Assignment.
After locating the line that contains "Modern Polish flag" in the records below, write out exactly that line and each line after it through the one that contains "Kaschmirmantel mit Abdecktaschen / Beige", and nothing else.

Provided information.

"""

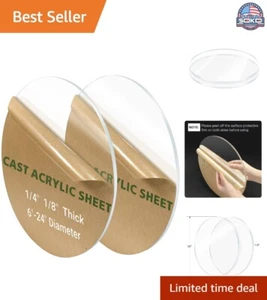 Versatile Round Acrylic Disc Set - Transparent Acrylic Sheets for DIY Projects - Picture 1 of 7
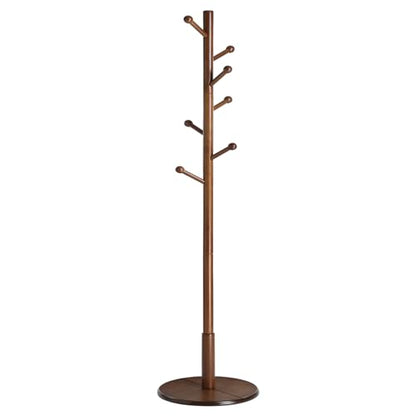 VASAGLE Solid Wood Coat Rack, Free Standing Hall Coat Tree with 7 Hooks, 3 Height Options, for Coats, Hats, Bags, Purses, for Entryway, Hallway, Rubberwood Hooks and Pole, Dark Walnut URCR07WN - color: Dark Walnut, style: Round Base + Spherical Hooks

"""
"""

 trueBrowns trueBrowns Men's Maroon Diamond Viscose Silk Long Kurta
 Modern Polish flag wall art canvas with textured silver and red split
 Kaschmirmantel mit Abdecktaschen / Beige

"""
"""

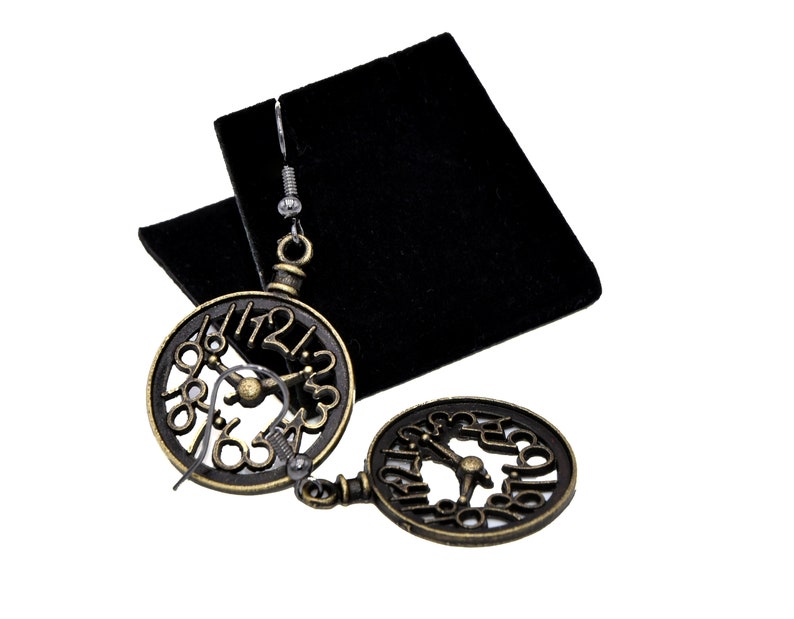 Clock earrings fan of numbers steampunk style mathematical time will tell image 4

"""

Expected answer.
 Modern Polish flag wall art canvas with textured silver and red split
 Kaschmirmantel mit Abdecktaschen / Beige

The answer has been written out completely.